The problem with one agent doing everything
I've been coding with AI assistants for over three years now. The pattern is always the same: you give the agent a meaty task, it starts brilliantly, and somewhere around the 40% mark it starts drifting. It forgets constraints from earlier in the conversation. It makes architectural decisions mid-implementation that contradict the plan. It mixes "what should we build" with "how do we build it" until neither is done well.
This isn't a model quality issue. I've seen it with every generation. The root cause is that planning and implementation are fundamentally different cognitive modes, and cramming both into one context window degrades both.
The fix: two roles, one loop
I started doing something simple: one AI conversation to plan (write specs, break work into tickets with acceptance criteria), and a separate conversation to implement (pick up a ticket, write the code, nothing else). The planner never touches code. The coder never makes architectural decisions.
The improvement was immediate. Specs got sharper because the planning agent wasn't distracted by implementation details. Code got cleaner because the coding agent had a clear, bounded task instead of an open-ended goal.

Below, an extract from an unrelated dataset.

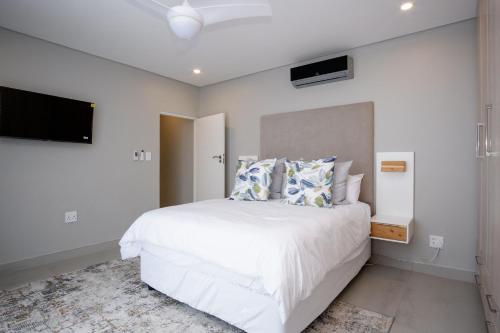 a bedroom with a white bed and a flat screen tv at 145 Forest Drive - Umhlanga in Durban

But managing this manually was tedious. Copy-pasting tickets between conversations, keeping track of what's done, making sure the coder's output actually met the acceptance criteria -- it was a lot of overhead.
Automating the loop
So I built cestDone, a CLI that orchestrates this Director/Coder cycle:
- The Director reads your codebase and your goal, then produces a set of tickets with clear acceptance criteria
- The Coder picks up tickets one at a time and implements them
- The orchestrator manages the handoff, tracks status, and keeps the loop going
Each agent stays in its lane. The Director's context is filled with architecture, requirements, and codebase structure. The Coder's context is filled with the specific ticket and the relevant code files. Neither is polluted with the other's concerns.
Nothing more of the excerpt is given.